0

I was working with a partner on pulling some data from our data warehouse, and for some reason, we were getting different results from our queries when they seem to be logically equivalent.

I've attached a simplified and anonymized version of the queries we have performed. They all perform the query, filtering the results using:

NOT IN

SELECT COUNT(DISTINCT organization_id)
FROM clients.organization
WHERE organization_id NOT IN (
  SELECT owner_organization_id 
  FROM clients_enhanced.organization_team
);

LEFT OUTER JOIN ... WHERE NULL

SELECT COUNT(DISTINCT o.organization_id)
FROM clients.organization AS o
LEFT OUTER JOIN (
  SELECT DISTINCT owner_organization_id AS organization_id
  FROM clients_enhanced.organization_team
  ) AS sub
ON o.organization_id = sub.organization_id
WHERE sub.organization_id IS NULL
;

EXCEPT

SELECT COUNT(distinct sub.organization_id)
FROM (
  SELECT o.organization_id AS organization_id
  FROM clients.organization AS o

  EXCEPT

  SELECT DISTINCT owner_organization_id
  FROM clients_enhanced.organization_team
) AS sub
;

These queries yield the following results:

NOT IN

 count
-------
     0
(1 row)

LEFT OUTER JOIN ... WHERE NULL

 count
--------
 372421
(1 row)

EXCEPT

 count
--------
 372421
(1 row)

Are the queries above not logically equivalent? Or am I missing something completely?
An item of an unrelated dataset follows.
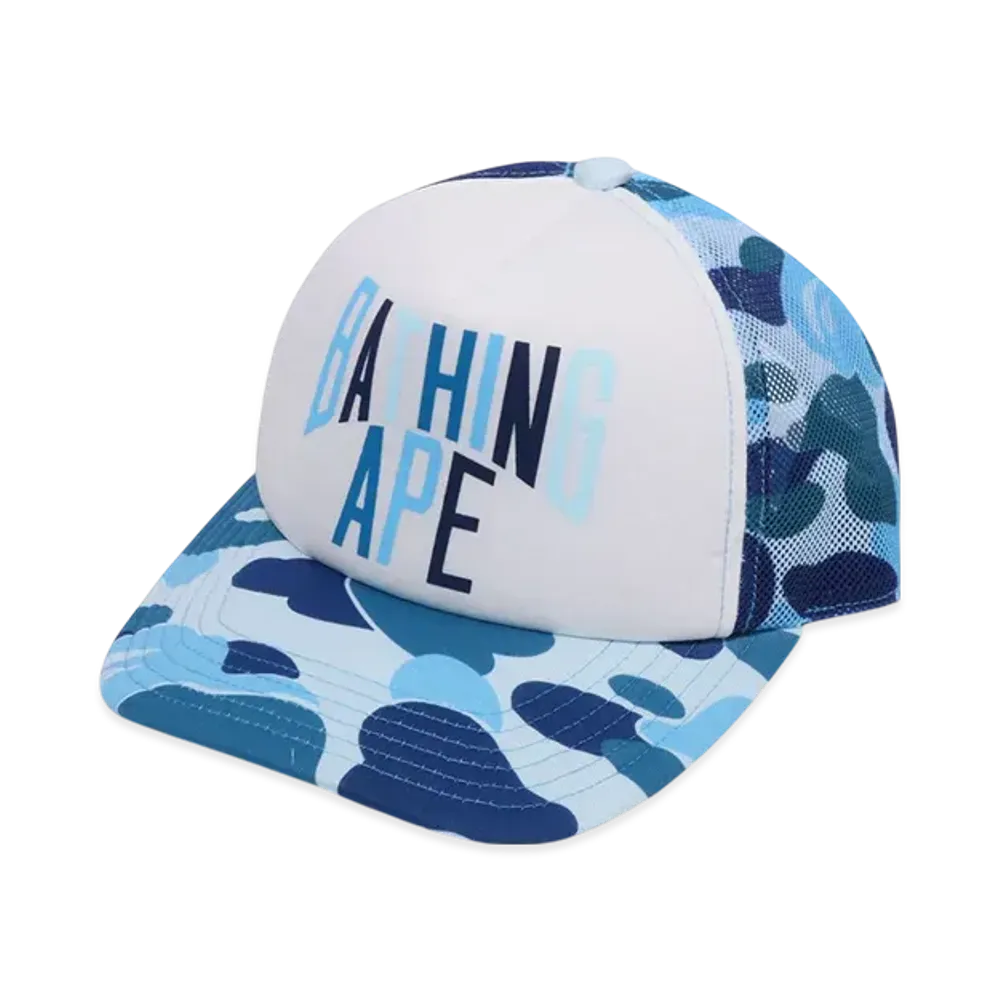 A BATHING APE Abc Camo Nyc Logo Mesh Cap "Blue"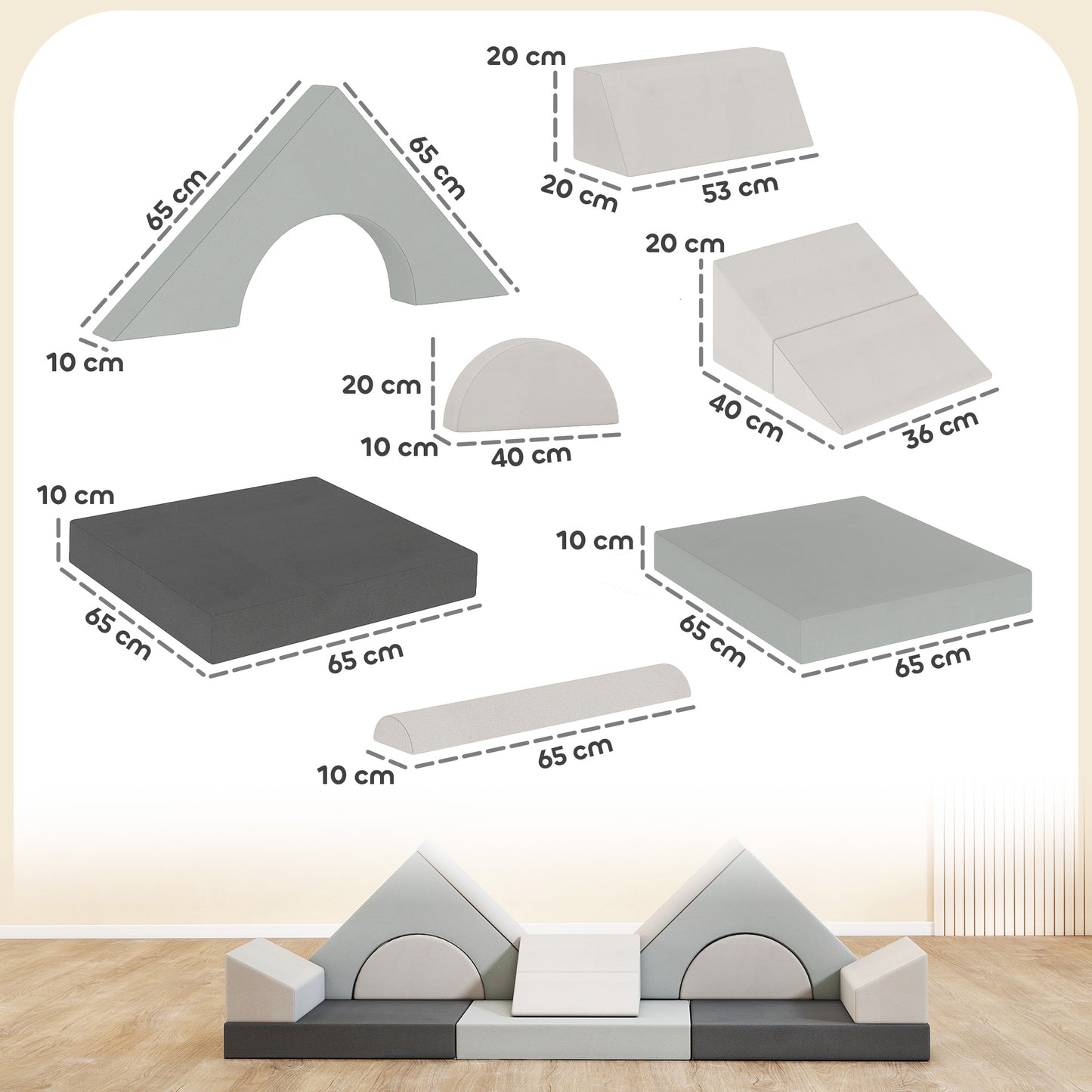 Kids Play Sofa, 12 Pieces Foam Modular Soft Play Set for Playroom, Children Convertible Sofa for Boys and Girls, Grey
For reference, these queries were performed on Amazon Redshift

kamil1
  • 68
  • 9
  • 1
    Can `owner_organization_id` be null? If yes, you need to exclude `NULL` values in the sub-select for the `NOT IN` solution –  Jun 22 '16 at 20:55
  • Yes it can be `NULL`. And yes, excluding `NULL` in the `NOT IN` subquery does return the correct result. I'm assuming this is because the DBMS checks to see if each value in the subquery is `<>` to whatever you are checking against, and when comparing against a `NULL` value get's `false`? Regardless, if you post this comment as the answer, I will mark it as the solution. – kamil1 Jun 22 '16 at 22:33
  • Say why you think they are equivalent with justification referencing authoritative documentation, or you are just asking for yet another language definition with a bespoke tutorial & are not giving us any idea what your current misconceptions are. Also: Tthis is a faq. . Please before considering posting read your textbook and/or manual & google any error message or many clear, concise & precise phrasings of your question/problem/goal, with & without your particular strings/names & site:stackoverflow.com & tags; read many answers. Also: Please for code questions give a [mre]. – philipxy Sep 29 '20 at 20:40

1 Answers1

0

Likely because Column was not prefixed with a table alias, it got confused.

SELECT COUNT(DISTINCT organization_id)
FROM clients.organization
WHERE organization_id NOT IN (
  SELECT c. owner_organization_id 
  FROM clients_enhanced.organization_team as c
);
NearHuscarl
  • 66,950
  • 18
  • 261
  • 230
Nathan
  • 1